Records provided >>

....

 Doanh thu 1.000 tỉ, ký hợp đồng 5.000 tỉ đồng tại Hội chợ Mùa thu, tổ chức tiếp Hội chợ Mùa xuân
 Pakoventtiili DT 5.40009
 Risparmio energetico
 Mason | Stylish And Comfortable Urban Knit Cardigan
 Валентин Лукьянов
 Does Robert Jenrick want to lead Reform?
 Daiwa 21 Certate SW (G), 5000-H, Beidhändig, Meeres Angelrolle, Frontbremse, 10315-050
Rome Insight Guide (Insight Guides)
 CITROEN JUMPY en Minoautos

....

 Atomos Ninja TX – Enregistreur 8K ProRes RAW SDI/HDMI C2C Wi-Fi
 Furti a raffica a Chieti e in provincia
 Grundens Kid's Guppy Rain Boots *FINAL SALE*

....

Retype exactly, and only, the lines above from the one where "Pakoventtiili DT 5.40009" occurs up to and including the one where "CITROEN JUMPY en Minoautos" occurs.

 Pakoventtiili DT 5.40009
 Risparmio energetico
 Mason | Stylish And Comfortable Urban Knit Cardigan
 Валентин Лукьянов
 Does Robert Jenrick want to lead Reform?
 Daiwa 21 Certate SW (G), 5000-H, Beidhändig, Meeres Angelrolle, Frontbremse, 10315-050
Rome Insight Guide (Insight Guides)
 CITROEN JUMPY en Minoautos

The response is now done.